If we take the typical person mentioned above, overweight, poor posture, weak feet, immobile ankles, and they're not strength training. Add in the fact that they also have no concept of the running technique required to run in minimalist shoes. Then throw them in Vibram's and start letting them hit the pavement, guess what ... they're going to get injured! It's not because the shoes are dangerous, it's because they didn't prepare their body for running in minimalist shoes.
Vibram Five Fingers
You Need To Prepare Your Feet Before Minimalist Running!
If you don't want to injure yourself when running in minimalist shoes, you need to take the right steps! That pun wasn't intended, but it works. The following are steps that I use with clients before they ever start running (sprints, jogging etc.) in minimalist shoes. Implement them, and it will make your chances of injuring yourself running in minimalist shoes go down significantly.
BUT! Remember, running for long distances isn't the most effective method for fat loss, it increases your stress hormones, boosts inflammation in the body, and is still a high risk method of training.
Step #1: Get your diet on point
Clean up your food, get your nutrition on point. You'll lose weight, keep it off, and improve every single aspect of your body through proper nutrition. Not carrying around excess body fat will also help reduce your risk of injury while running. You could pick up my "Paleo Quick Start" to get you on track!
Step #2: Fix your poor posture and foot positioning
If you can't stand up straight, and stay that way, then how the heck are you going to do it while running? Find out what good posture looks like, then get foam rolling, using lacrosse balls, and stretching in order to fix your poor posture.

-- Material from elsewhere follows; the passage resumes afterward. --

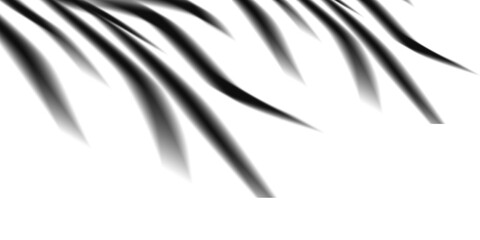 Abstract blurred shadows of leaves isolated on transparent background for design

Step #3: Start resistance training while barefoot
Go barefoot around your home, and in the gym. Most gyms will require you to wear shoes, that's ok because you can get some Vibrams and wear them in the gym. Start training with total body movements like squats, lunges, push ups, chin ups, and rows. This will help strengthen the feet during activity. This should be on going an ongoing process!

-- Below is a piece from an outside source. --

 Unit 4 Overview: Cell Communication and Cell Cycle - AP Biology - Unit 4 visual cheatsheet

Training barefoot is a great way to prepare
the feet for minimalist running!
Step #4: Jump rope barefoot
Running in minimalist shoes requires an upright posture and the use of the forefoot while running. Basically, running on the balls of the feet. Jumping rope helps with both of these techniques. Jumping rope helps to further strengthen the muscles of the feet and conditions the calves and legs in a similar fashion to barefoot running. Jumping rope regularly for a couple months, coupled with your resistance training, should help build a good base for minimalist running.
Step #5: Learn about running and forefoot running technique
You must, must, MUUUUUST learn the basics of running in minimalist shoes before you start running. Many people who run in regular shoes use a "heel strike". Heel striking involves hitting the ground with the heel first while running. This is poor running technique with any kind of shoe, but it's even worse if you're wearing minimalist shoes. In minimalist shoes there's no padded heel to save your body from fractures or bruising. Running in minimalist shoes requires you to run with an upright posture and using the forefoot. Here's a nice little video to get your started.
Step #6: Ease into barefoot running
Now that you've covered your bases, you can ease yourself into minimalist running. Running on softer surfaces such as trails, grass, and sand, would be a good place to start. Then ease into running on harder surfaces like sidewalks. Take it easy, listen to your body, and take time off if something doesn't feel right. Remember to regularly roam roll and fascial release. There are numerous forms of physical activity and exercise, and they can all be dangerous. You need to prepare your body gradually and learn the technique involved for any method of fitness. Barefoot/Minimalist running is no different!